Chrys Kub: Absolutely. I’ve learned a lot about my own posture. As a yoga teacher you may assume “Oh, I have really nice posture. But then when you study more, you’re like, “Oh, I guess I do kinda throw my shoulder forward and the hips a little bit back. So, that might be why I get more easily tired on this side, and keep having pain in a certain area.” So yes, it does help you understand your own body better as well.
YogaUOnline: Tell us about the online course you will be offering. What will you be covering and what can people expect to learn?
Chrys Kub: Well, we will look at normal alignment for each part of the body, such as the head and neck. Then we will look at the most common misalignments for that part of the body. All misalignments are linked to muscles imbalances. So for each section of the body we are looking at, we will also consider which muscles might be elongated, which muscles might be short, and which muscles might be weakened because they’re in an elongated position.
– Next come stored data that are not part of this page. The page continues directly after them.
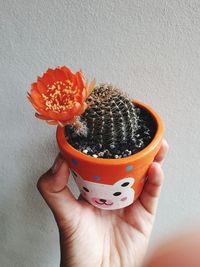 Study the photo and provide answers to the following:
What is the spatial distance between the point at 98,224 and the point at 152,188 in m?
0.14

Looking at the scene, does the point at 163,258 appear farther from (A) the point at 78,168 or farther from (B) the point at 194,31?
(B) the point at 194,31

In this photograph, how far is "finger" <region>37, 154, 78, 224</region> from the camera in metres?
0.42

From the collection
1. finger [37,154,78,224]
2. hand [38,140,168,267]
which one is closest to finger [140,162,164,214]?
hand [38,140,168,267]

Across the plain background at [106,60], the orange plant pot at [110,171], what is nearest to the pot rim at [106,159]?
the orange plant pot at [110,171]

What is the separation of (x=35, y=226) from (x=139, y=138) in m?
0.41

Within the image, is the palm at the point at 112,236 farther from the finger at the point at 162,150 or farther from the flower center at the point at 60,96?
the flower center at the point at 60,96

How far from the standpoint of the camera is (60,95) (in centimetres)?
35

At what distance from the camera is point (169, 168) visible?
1.87ft

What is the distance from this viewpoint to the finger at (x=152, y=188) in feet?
1.37

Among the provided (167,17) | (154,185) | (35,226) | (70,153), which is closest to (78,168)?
(70,153)

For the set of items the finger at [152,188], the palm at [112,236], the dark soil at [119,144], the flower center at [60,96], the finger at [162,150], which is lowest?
the palm at [112,236]

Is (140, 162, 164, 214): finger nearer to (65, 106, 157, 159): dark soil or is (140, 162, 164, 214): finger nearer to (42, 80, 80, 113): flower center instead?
(65, 106, 157, 159): dark soil

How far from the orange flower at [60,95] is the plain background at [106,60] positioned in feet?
0.35

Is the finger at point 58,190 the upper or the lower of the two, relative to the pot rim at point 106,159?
lower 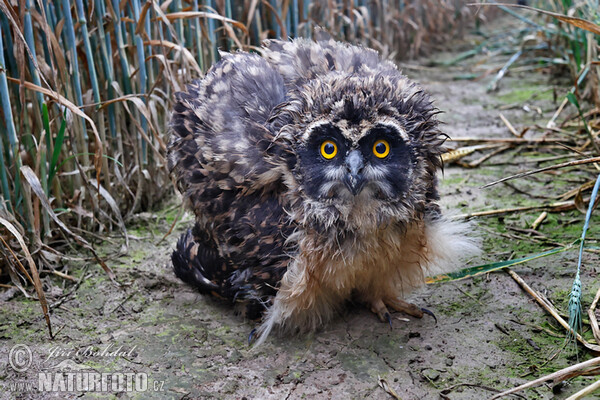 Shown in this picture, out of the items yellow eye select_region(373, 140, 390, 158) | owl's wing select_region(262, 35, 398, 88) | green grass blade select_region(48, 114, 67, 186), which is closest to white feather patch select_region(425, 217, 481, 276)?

Based on that, you begin to see which yoga asanas you might want to use to address those malalignments and help that person change their posture. We’ll be using both asana that engage muscular energy in an active posture as well as restorative poses that can help people access a deeper level of flexibility. This is unique as a therapeutic approach; there are many times where we have imbalances because certain muscles or joints are extremely stiff. The only way to address that is through restorative yoga where you can stay in a supported posture for an extended period of time to allow those areas to begin to let go and release.
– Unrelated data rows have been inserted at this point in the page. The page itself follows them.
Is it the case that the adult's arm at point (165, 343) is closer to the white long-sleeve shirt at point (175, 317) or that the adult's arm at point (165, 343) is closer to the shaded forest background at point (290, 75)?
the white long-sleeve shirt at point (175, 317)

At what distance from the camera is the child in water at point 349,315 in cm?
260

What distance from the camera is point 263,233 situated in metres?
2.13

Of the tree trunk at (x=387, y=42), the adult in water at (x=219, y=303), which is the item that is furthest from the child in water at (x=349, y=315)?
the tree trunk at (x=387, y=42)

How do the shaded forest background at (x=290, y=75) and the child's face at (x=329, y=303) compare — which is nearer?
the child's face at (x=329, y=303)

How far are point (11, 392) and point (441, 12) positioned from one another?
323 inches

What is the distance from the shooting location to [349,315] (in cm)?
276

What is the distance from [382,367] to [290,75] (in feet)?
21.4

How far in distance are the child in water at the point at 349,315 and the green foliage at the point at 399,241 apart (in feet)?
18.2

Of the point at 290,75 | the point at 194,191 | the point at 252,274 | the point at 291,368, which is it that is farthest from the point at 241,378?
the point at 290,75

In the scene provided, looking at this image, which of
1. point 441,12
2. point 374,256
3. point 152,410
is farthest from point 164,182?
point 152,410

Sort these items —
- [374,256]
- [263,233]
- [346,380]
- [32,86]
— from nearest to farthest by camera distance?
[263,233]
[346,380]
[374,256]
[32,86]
YogaUOnline: Interesting. And there is a video you made especially for the course as well. Could you tell us a little bit about that?
Chrys Kub: Yes. In the online video that accompanies the course, I give an example of two people receiving a postural assessment, and after the assessment, I take them through little mini practice for their issues. The video gives you a real life idea of what you would be able to do with this information on actual clients.
YogaUOnline: That will be extremely useful, because body reading is such a detailed art in a sense. There are so many layers to it. There is certainly a lot that you can pick up from photos, but seeing it in action, and particularly seeing someone like you who have worked with thousands of people doing this kind of thing, is a great way to pick up all the details. There is a lot of things you don’t see when you don’t have a trained eye.
Chrys Kub: Yes it does take practice. However, once you have this knowledge, you start looking at everybody: When you’re in the grocery store, when you’re at the mall, you begin look at people and mentally assess their posture. Over time, you’re able to start to integrate this skill and read more and more details in people’s bodies. But until you know what to look for, it’s difficult to even try to do that.
YogaUOnline: Yes, in my experience, it creates another level of intimacy with the body, and opens up a level of perception that you didn’t have before, because, as you said, if you don’t know what to look for, you tend to not see these things.
Chrys Kub: Exactly. And there is such a need for more people who can assess these structural imbalances and help people improve their posture. I have just started working at an assisted living center, and probably 90% of the elderly people living there have poor posture with rounded shoulders, forward head, stiff lower backs and crouched gait. Once they develop that posture, it affects their energy level, their ability to have eye contact with you, and it impacts their well-being and energy level in so many other ways.
Hopefully, as we become more aware of this issue, this next generation as we age won’t have to succumb to these changes. So many of these things can be addressed before they become a problem. So hopefully, this won’t be the case when our generation gets to that age.